Яшка вспомнил, что ему надо срочно на главпочтамт, у него, оказывается, переговоры с родителями заказаны. Мать от любимого сыночка слова доброго месяц не слышала, отчаялась вызвать к телефону телеграммой. Что мне оставалось делать? К Мигульскому я отправился один.
VIII
С восьми, как миленький, я отирался у дверей районной прокуратуры, опередив даже бабу Нюшу.
— Светопреставление прямо! — не поверила собственным глазам старушка. — Это что же делается?
— Что? — я изобразил как можно более невыразительное лицо.
— Каким ветром это тебя принесло в такую рань? Ну как на пороховой бочке! Опять что-нибудь стряслось?
— Ничего не случилось.
— Скоро вашей стажировке конец? Хоть передохнём.
— Обижаете, баба Нюша. Скучать без нас будете.
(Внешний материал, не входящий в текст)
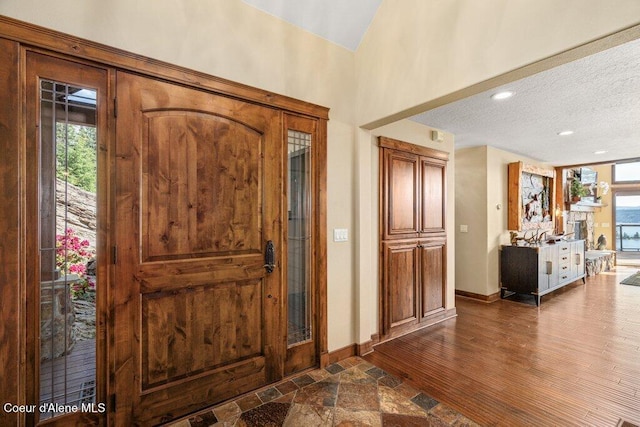 4987 S Bay Pointe Way, Coeur Dalene, ID 83814 - entryway with plenty of natural light, baseboards, a textured ceiling, recessed lighting, and dark wood finished floors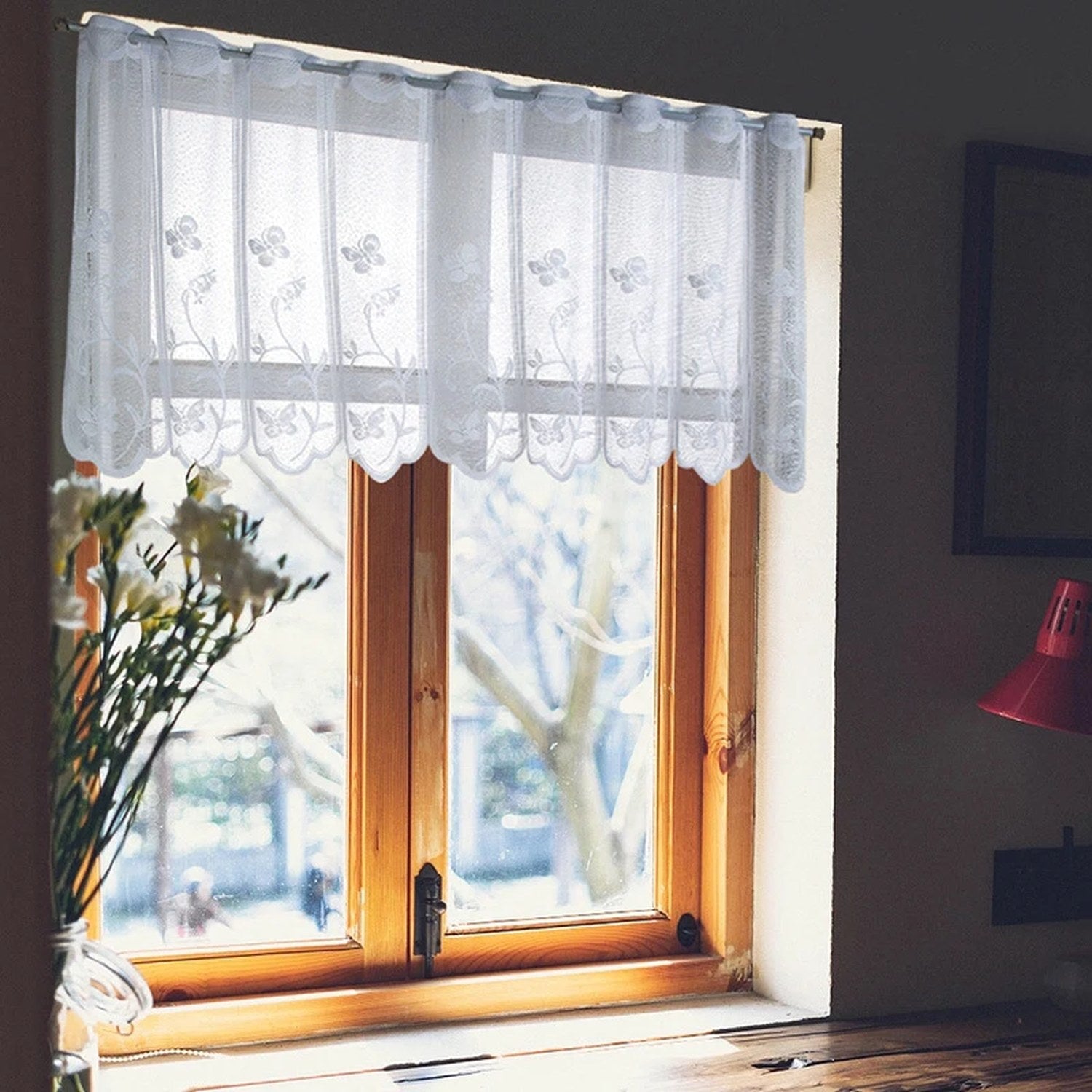 Voilage en dentelle blanche installé sur une fenêtre en bois avec fleurs blanches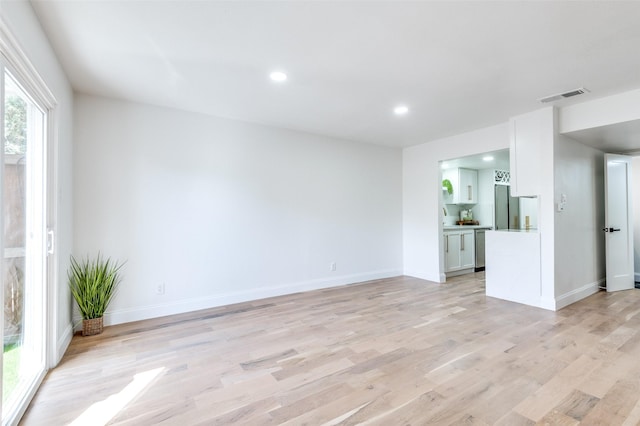unfurnished living room featuring visible vents, light wood-style floors, baseboards, recessed lighting, and a sink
— А чем с Иваном Алексеевичем разговор-то вчерась закончился? Дождался ты его?
— Вот. Вы наблюдаете результаты.
— Наконец-то, — успокоилась старушка. — Нашлась на вас твёрдая рука. Егорова вы ни во что не ставили. Титов тоже не указ. Ну теперь Мигульский за вас!..
Она, не договорив, охнула и застыла вдруг, как китайская стена, вперив очи мимо меня.
— Чего это? Свят, свят, свят!
Я повернулся.
К прокуратуре от трамвайной остановки ковылял мой друг Яшка. Узнать его было очень нелегко. Был он с повязкой на лбу, как дальневосточный партизан, и с костылём под мышкой.
— Тебя что, столбняк прошиб? — Яшка мрачнее тучи, не здороваясь, хотел продефилировать мимо, но меня уже разбирал хохот.
— Час от часу не легче! — схватилась за голову завканцелярией. — Один весь побитый, второй с ума сходит от смеха. Вы уж разберитесь тут без меня, только на глаза Мигульскому не попадайтесь. Кончится ваша стажировка раньше времени.